WORK TO COMPLETE |
Every line from the one with "Dacquoise with raspberries (France)" to the one with "Modus 1m 32", including those two, is to be copied exactly; all other lines of the entries below are left out.

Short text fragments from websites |

· · · · ·

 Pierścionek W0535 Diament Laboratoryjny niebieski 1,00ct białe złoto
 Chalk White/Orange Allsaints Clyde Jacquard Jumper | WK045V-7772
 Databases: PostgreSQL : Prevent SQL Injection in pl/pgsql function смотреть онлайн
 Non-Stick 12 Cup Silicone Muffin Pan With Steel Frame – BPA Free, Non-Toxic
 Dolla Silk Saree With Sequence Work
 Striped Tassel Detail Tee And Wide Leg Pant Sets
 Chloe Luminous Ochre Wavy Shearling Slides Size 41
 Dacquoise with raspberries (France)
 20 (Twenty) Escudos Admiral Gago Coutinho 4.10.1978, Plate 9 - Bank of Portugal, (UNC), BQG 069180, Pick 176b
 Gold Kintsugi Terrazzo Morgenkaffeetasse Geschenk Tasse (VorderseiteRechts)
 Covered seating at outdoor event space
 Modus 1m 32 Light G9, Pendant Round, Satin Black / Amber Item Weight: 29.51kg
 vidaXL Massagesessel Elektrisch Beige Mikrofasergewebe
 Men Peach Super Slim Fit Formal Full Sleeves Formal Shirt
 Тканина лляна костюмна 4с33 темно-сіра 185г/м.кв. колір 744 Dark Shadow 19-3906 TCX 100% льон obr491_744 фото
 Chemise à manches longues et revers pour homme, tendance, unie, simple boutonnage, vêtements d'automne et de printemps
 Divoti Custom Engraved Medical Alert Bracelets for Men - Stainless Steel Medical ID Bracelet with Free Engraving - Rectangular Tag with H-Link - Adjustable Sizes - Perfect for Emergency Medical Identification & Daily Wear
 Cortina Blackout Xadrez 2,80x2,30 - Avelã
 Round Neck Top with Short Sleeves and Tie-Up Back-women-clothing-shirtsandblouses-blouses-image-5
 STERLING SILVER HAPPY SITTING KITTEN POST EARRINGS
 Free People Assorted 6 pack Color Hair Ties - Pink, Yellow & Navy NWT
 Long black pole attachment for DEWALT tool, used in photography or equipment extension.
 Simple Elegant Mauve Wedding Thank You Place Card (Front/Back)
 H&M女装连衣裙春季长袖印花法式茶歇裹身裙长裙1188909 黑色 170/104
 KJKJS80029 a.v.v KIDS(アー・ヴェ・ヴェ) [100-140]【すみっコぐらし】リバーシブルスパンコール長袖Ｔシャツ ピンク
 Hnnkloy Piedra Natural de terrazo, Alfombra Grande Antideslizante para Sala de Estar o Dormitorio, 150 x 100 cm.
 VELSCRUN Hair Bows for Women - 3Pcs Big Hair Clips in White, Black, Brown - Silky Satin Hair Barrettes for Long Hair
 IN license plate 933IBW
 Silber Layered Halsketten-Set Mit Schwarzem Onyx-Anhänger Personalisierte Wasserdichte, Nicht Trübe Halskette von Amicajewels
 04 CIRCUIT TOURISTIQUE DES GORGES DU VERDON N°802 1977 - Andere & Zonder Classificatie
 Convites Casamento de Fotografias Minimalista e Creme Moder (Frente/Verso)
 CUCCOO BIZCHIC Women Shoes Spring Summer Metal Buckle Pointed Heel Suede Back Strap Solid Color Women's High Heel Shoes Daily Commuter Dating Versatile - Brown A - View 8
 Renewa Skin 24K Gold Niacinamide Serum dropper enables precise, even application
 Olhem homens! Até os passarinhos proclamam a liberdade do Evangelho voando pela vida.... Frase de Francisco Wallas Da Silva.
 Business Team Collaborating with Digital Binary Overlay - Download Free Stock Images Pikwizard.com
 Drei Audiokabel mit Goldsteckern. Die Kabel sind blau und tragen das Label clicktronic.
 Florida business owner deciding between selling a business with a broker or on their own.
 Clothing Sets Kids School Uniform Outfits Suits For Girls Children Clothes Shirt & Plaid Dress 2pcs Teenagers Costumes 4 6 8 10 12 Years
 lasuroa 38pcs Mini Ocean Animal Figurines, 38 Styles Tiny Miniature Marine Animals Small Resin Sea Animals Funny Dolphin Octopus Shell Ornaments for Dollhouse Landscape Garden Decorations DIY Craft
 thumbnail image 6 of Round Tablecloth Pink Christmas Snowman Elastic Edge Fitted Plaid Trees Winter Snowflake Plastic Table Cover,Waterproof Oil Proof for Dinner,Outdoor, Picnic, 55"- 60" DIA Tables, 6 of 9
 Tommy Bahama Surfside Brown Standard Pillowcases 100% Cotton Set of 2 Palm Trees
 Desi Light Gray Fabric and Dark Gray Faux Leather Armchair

· · · · ·

YOUR RESPONSE |
 Dacquoise with raspberries (France)
 20 (Twenty) Escudos Admiral Gago Coutinho 4.10.1978, Plate 9 - Bank of Portugal, (UNC), BQG 069180, Pick 176b
 Gold Kintsugi Terrazzo Morgenkaffeetasse Geschenk Tasse (VorderseiteRechts)
 Covered seating at outdoor event space
 Modus 1m 32 Light G9, Pendant Round, Satin Black / Amber Item Weight: 29.51kg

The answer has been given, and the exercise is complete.